**YOUR INSTRUCTIONS**
Write out the entries verbatim and leave the images out of the copy.

╭─ MATERIALS PROVIDED

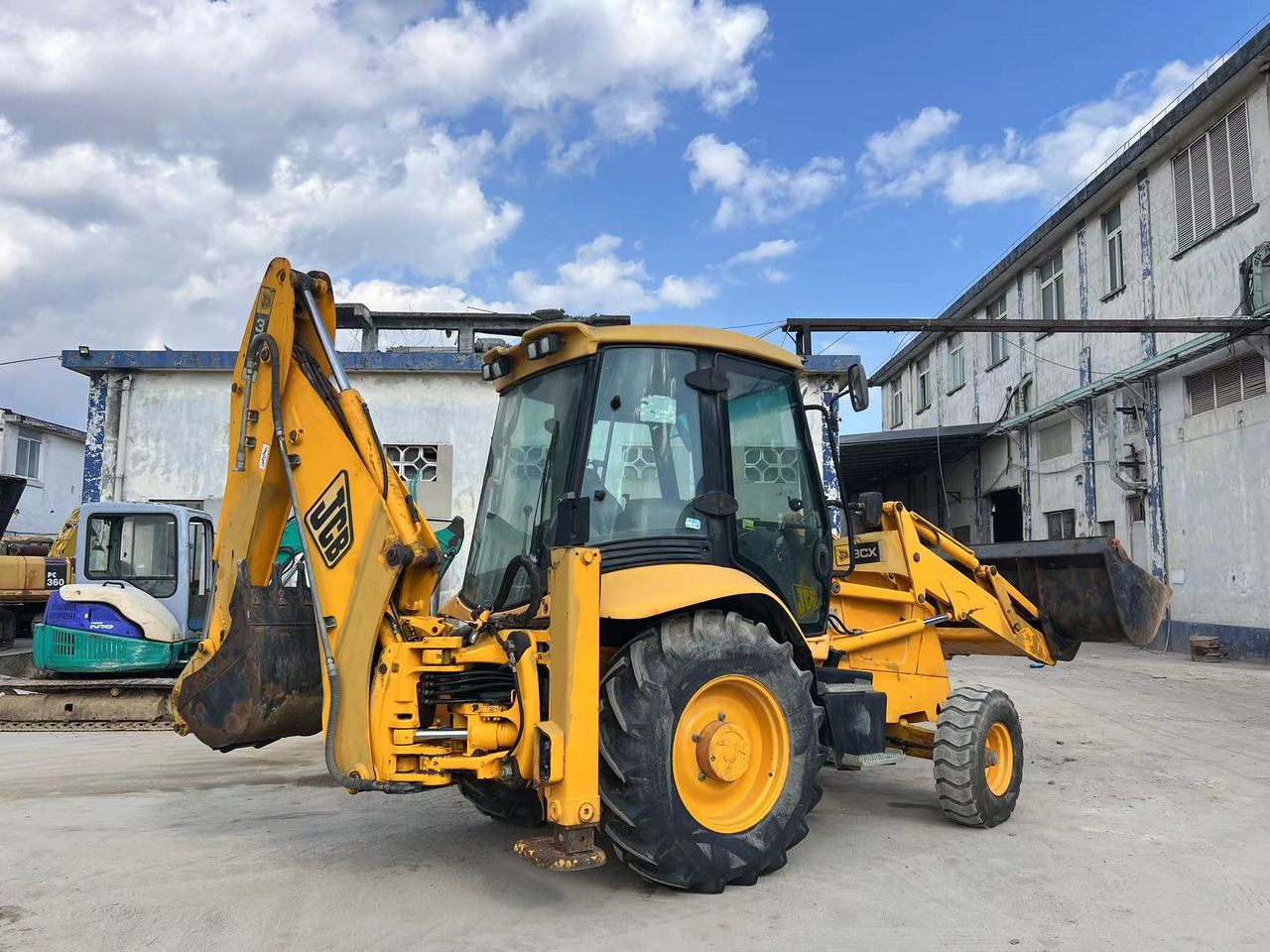 JCB 3CX Original Condition Used Backhoe Loader with Extendable Boom - Kaivuri-trukki: kuva JCB 3CX Original Condition Used Backhoe Loader with Extendable Boom - Kaivuri-trukki JCB 3CX Original Condition Used Backhoe Loader with Extendable Boom - Kaivuri-trukki: kuva JCB 3CX Original Condition Used Backhoe Loader with Extendable Boom - Kaivuri-trukki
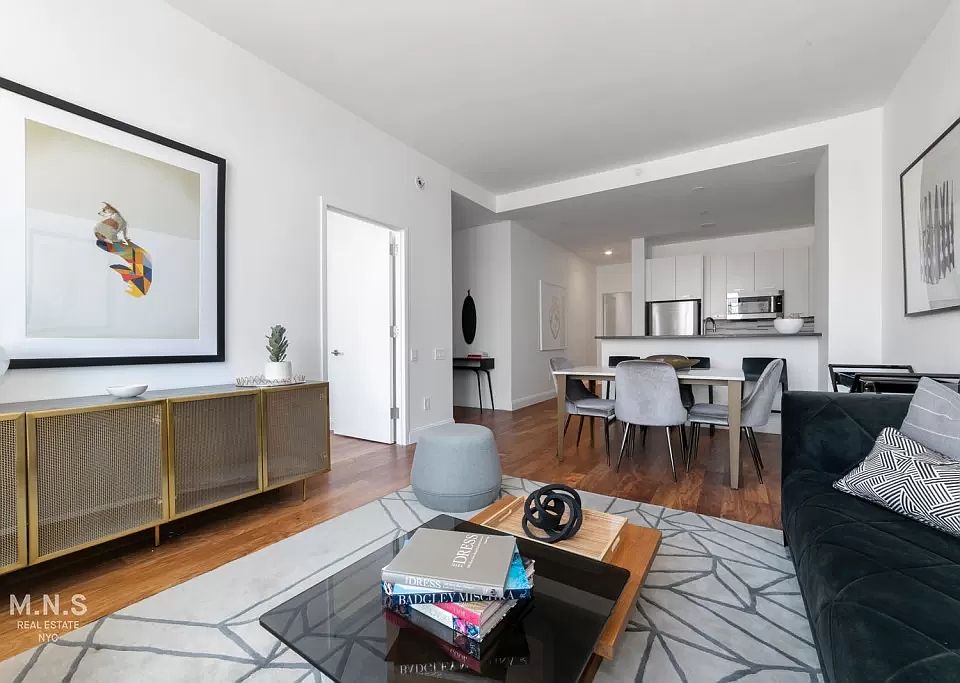 1st image of 4214 Crescent St APT 3B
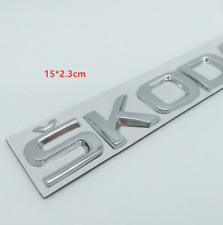 Logo skoda chrome d'occasion  Fay-aux-Loges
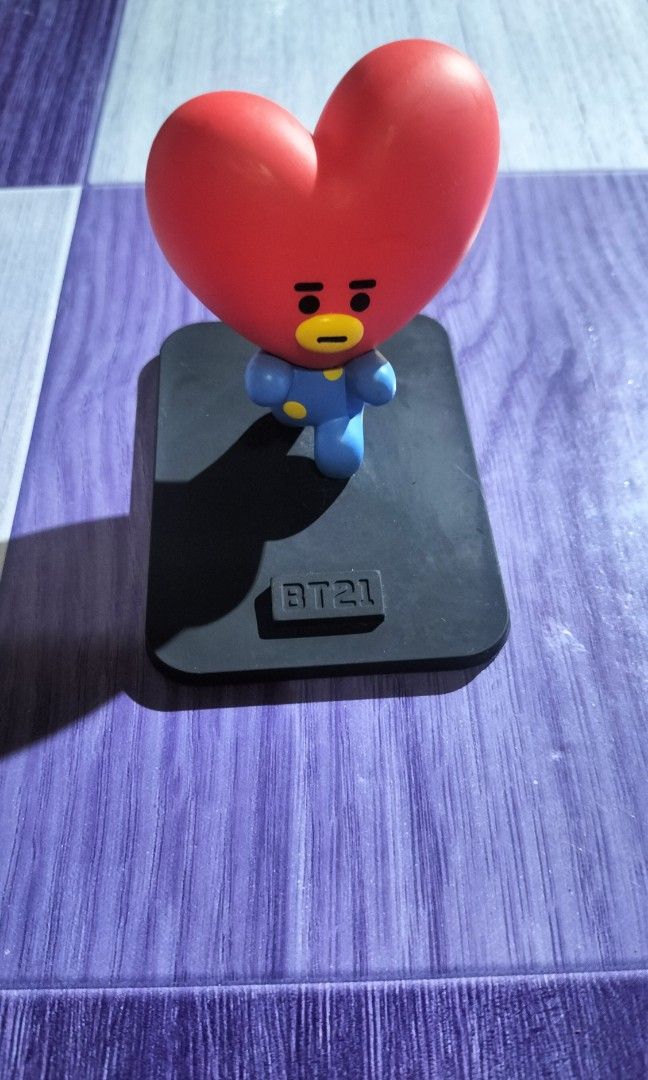 BT21 Cellphone Holder (Category: Mounts & Holders) located in Quezon City. Submitted by rich2545 (Listing ID 1325462303, Image 1). Description: .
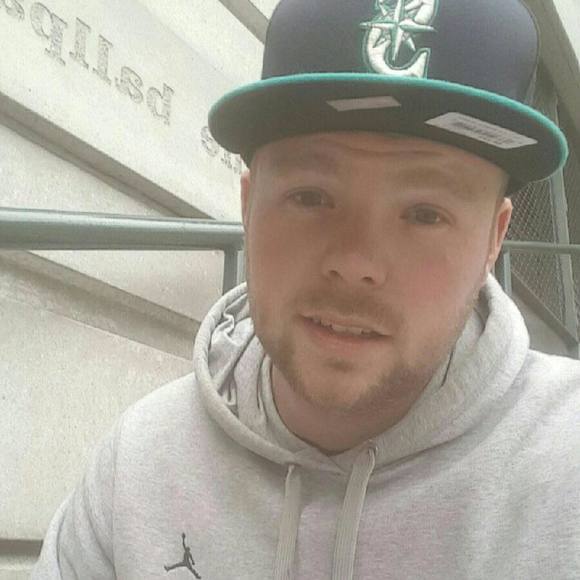 Meet your Posher, Lucas - Picture 1 of 1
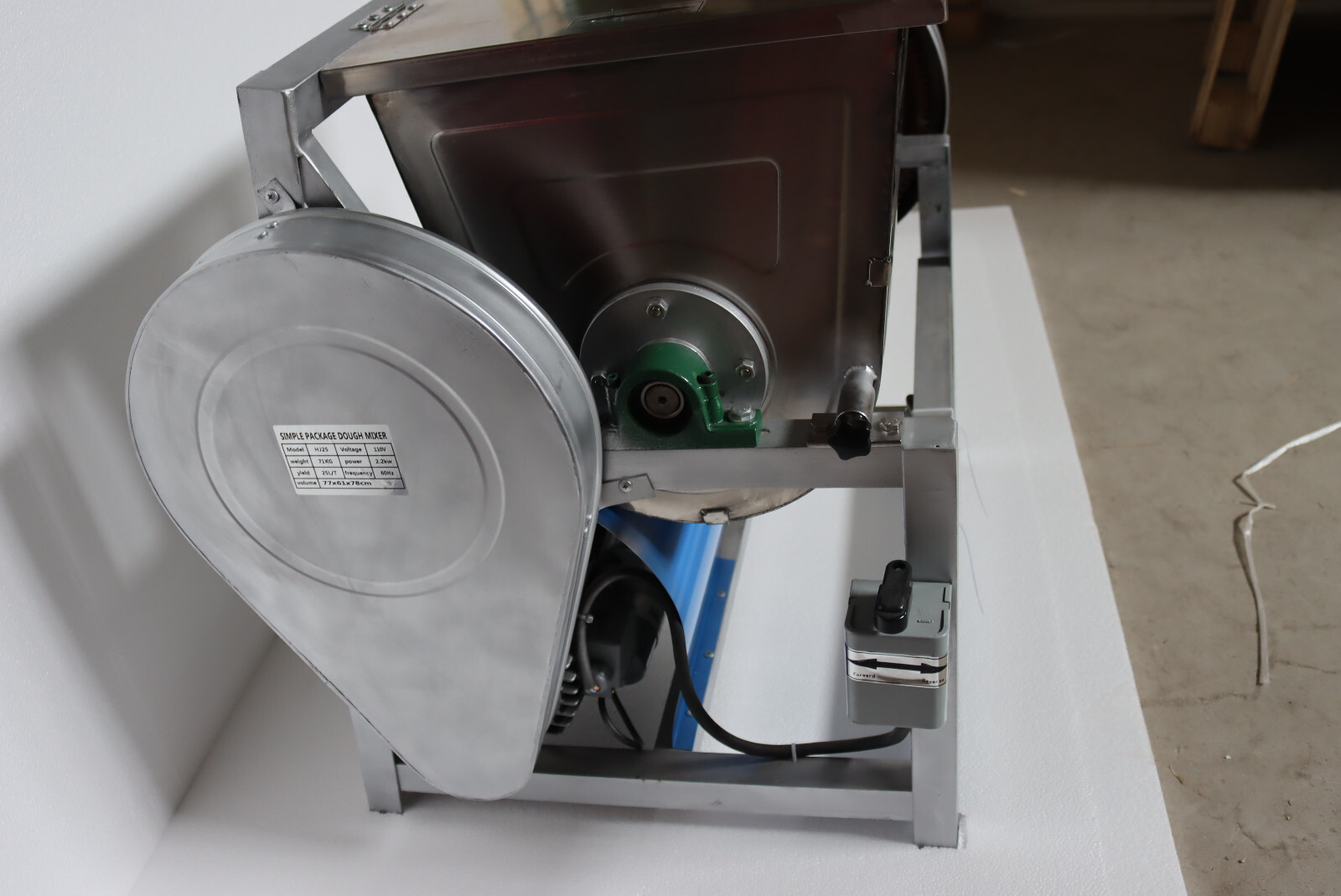 50QT Commercial Electric Dough Mixer 110V Stand Flour Mixing Machine Tilt Bowl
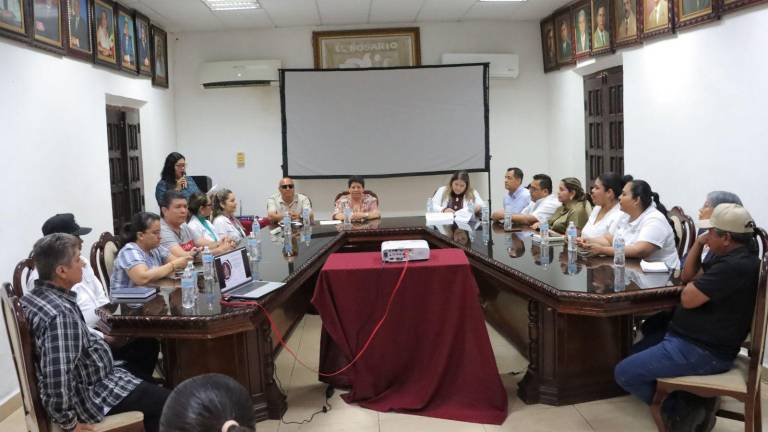 Reunión del Comité Municipal de Salud en Rosario para reforzar la campaña de vacunación contra el sarampión.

╰─

**WRITTEN SOLUTION**
 JCB 3CX Original Condition Used Backhoe Loader with Extendable Boom - Kaivuri-trukki: kuva JCB 3CX Original Condition Used Backhoe Loader with Extendable Boom - Kaivuri-trukki JCB 3CX Original Condition Used Backhoe Loader with Extendable Boom - Kaivuri-trukki: kuva JCB 3CX Original Condition Used Backhoe Loader with Extendable Boom - Kaivuri-trukki
 1st image of 4214 Crescent St APT 3B
 Logo skoda chrome d'occasion  Fay-aux-Loges
 BT21 Cellphone Holder (Category: Mounts & Holders) located in Quezon City. Submitted by rich2545 (Listing ID 1325462303, Image 1). Description: .
 Meet your Posher, Lucas - Picture 1 of 1
 50QT Commercial Electric Dough Mixer 110V Stand Flour Mixing Machine Tilt Bowl
 Reunión del Comité Municipal de Salud en Rosario para reforzar la campaña de vacunación contra el sarampión.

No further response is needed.